A US bankruptcy court approved the reorganization plan of bankrupt crypto exchange FTX on Monday, meaning that between $14.7 billion and $16.5 billion in recovered assets are set to be distributed to FTX creditors. 

Many investors have been expecting that those distributions would lead immediately to increased demand and higher cryptocurrency prices as creditors used their recovered funds to re-invest in digital assets. The reality is much more complex however. 

The approval of the reorganization plan by US Bankruptcy Judge John Dorsey doesn’t immediately turn on the spigot of distributions, according to Kyle, an advocate for FTX creditors who’s known as Mr Purple on X. For starters, the court has to set a date for when the plan will be implemented, known as the effective date, which is currently estimated to be Oct. 31.

Read more: FTX Bankruptcy Estate Reveals Up To $230 Million Will Be Set Aside For Certain Shareholders

“Given [the debtors’] track record, I would expect that [timeline] to slip a little bit,” Kyle said. “Probably higher likelihood is the plan effective date would be sometime in November—maybe end of November—and at that point, then the debtors can really effectuate the start of the distribution process.”

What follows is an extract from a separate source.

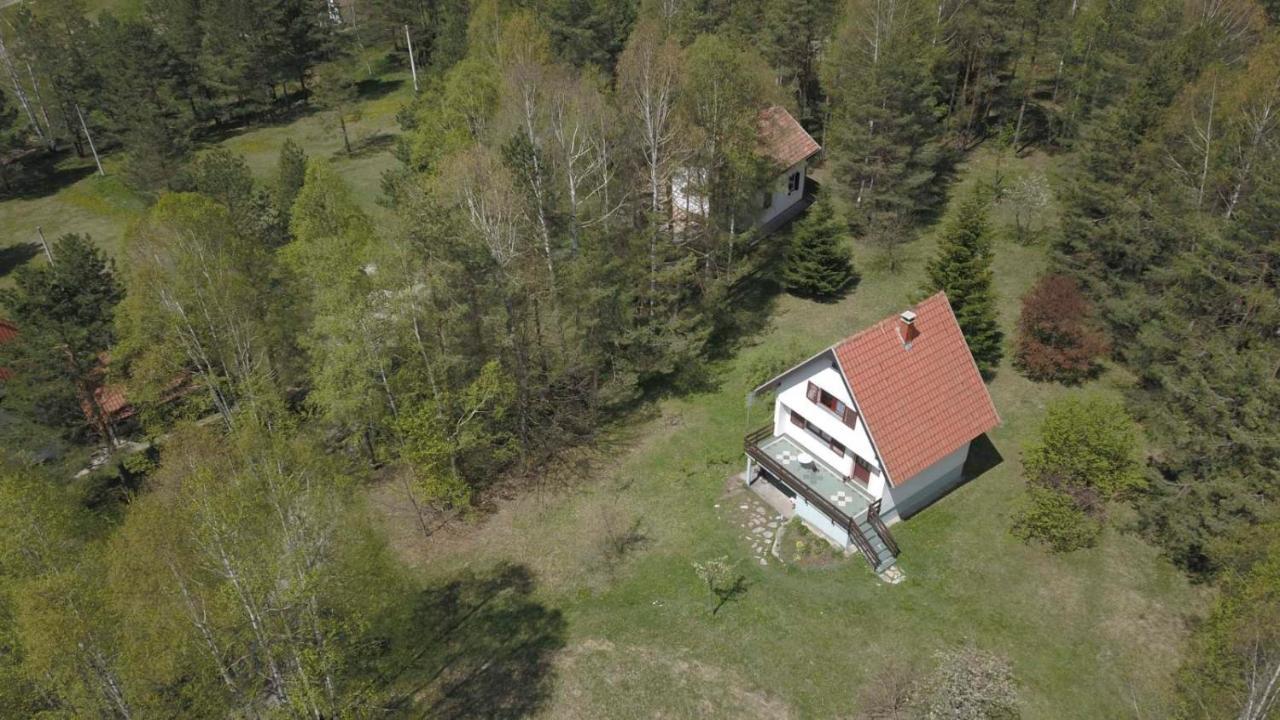 Vikendica Na Divcibarama Villa Divčibare Exteriör bild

What’s the Schedule for Distributions?

Once the effective date is reached, the debtors will have 60 days to make distributions to what’s known as the “convenience class,” which comprises any individual customer claims under $50,000. Around $1.2 billion of recovered assets will be distributed towards this class, taking into account the debtors’ recovery estimates.

The timetable for redistribution remains a work-in-progress and depends on logistics, said Yesha Yadav, a professor of law at Vanderbilt University, in an email to Unchained.

“The payment schedule right now is a phased one—with smaller creditors owed under $50,000 scheduled to be repaid sooner, and the larger creditors potentially having to wait well into next year before they receive a distribution,” Yadav said.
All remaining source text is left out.